Cerebral autosomal dominant arteriopathy with subcortical infarcts and leukoencephalopathy (CADASIL) is an inherited cerebrovascular disease caused by a mutation of the NOTCH3 gene. The clinical information of two CADASIL families was studied and mutation analysis of the NOTCH3 gene was performed by DNA direct sequencing. Published studies of Mainland Chinese CADASIL patients were reviewed and reanalyzed. The patients in the two families showed migraine with aura, stroke and cognitive decline. Cranial MRI revealed subcortical white matter infarcts and leukoencephalopathy. Two previously reported mutations of the NOTCH3 gene, c.397C > T and c.268C > T, were identified and cosegregated with the disease.
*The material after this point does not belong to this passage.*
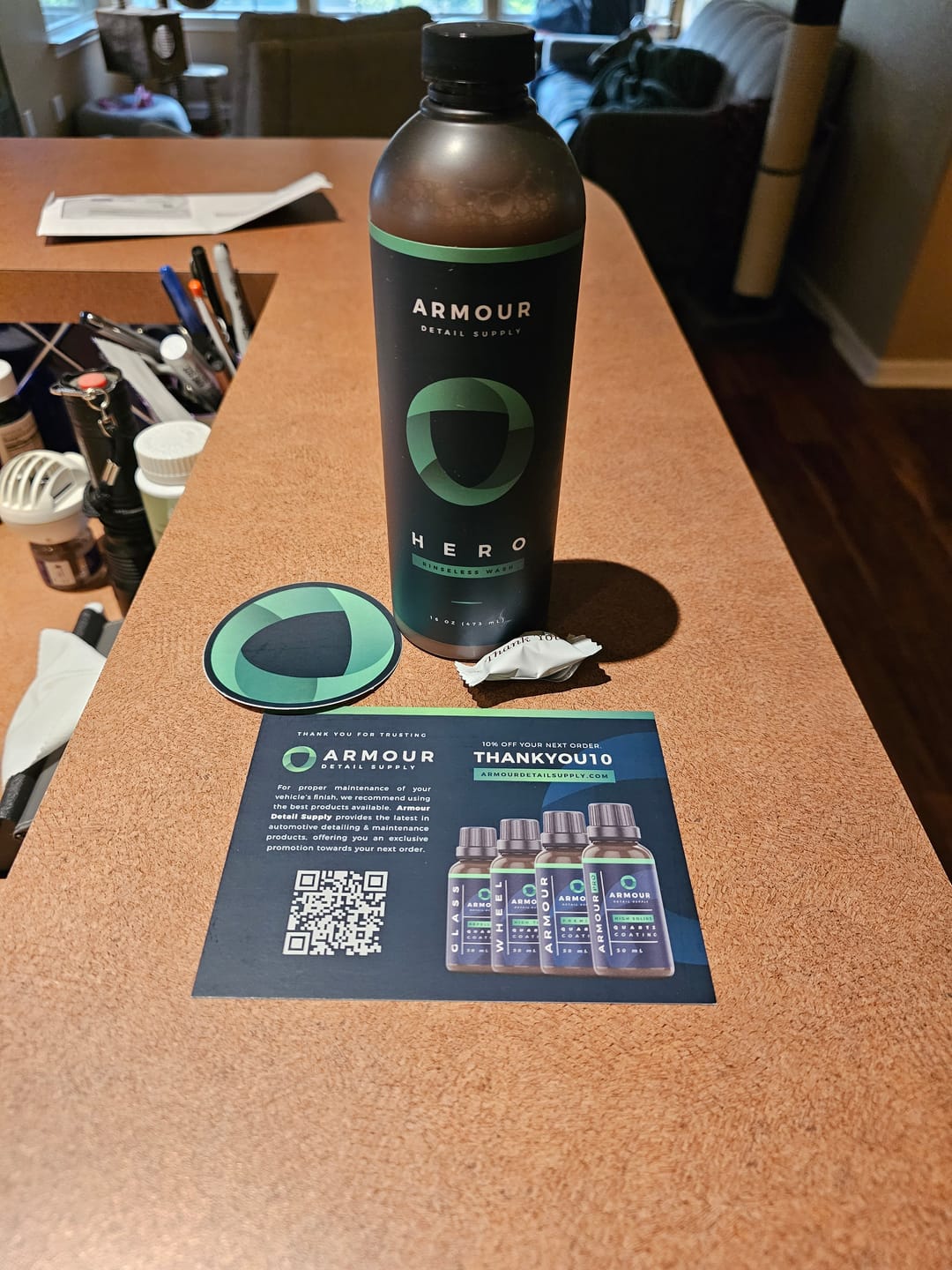 Customer photo review of HERO - Rinseless Wash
The main clinical features, cranial MRI and pathological changes in Mainland Chinese CADASIL patients were similar to those in other regions. The frequency of migraine may be lower than that in Europe, but similar to that in Asia. Eight different NOTCH3 gene mutations were reported among Mainland Chinese CADASIL patients; of these, the c.322C > T mutation has not been reported in other regions. This study supports that the clinical features of Mainland Chinese CADASIL patients are similar to those seen in other regions and that exon 3 and exon 4 of the NOTCH3 gene are the mutation hotspots in Mainland Chinese CADASIL patients.